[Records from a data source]
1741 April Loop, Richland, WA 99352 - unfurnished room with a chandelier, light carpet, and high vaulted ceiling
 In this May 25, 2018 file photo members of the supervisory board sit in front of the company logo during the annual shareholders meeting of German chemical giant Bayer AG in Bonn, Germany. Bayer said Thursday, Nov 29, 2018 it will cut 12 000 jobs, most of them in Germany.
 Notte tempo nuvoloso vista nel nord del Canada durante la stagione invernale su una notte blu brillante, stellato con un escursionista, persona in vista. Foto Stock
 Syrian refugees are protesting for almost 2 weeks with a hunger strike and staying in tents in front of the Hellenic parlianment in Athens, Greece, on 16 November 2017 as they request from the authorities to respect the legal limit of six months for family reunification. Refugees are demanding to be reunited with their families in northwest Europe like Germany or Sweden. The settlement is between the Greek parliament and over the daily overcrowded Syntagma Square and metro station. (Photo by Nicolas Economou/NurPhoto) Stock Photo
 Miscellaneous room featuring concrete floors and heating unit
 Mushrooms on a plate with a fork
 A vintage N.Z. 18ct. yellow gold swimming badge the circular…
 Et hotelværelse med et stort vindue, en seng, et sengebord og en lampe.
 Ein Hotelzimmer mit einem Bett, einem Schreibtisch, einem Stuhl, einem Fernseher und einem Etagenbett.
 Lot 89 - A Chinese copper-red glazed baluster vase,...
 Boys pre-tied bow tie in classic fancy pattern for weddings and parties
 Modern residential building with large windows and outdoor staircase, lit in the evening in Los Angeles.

» **Task to complete**: Take the lines from the first line of the records through the line holding "In this May", both included, and please reproduce them exactly with nothing added.

» **Task answer**:
1741 April Loop, Richland, WA 99352 - unfurnished room with a chandelier, light carpet, and high vaulted ceiling
 In this May 25, 2018 file photo members of the supervisory board sit in front of the company logo during the annual shareholders meeting of German chemical giant Bayer AG in Bonn, Germany. Bayer said Thursday, Nov 29, 2018 it will cut 12 000 jobs, most of them in Germany.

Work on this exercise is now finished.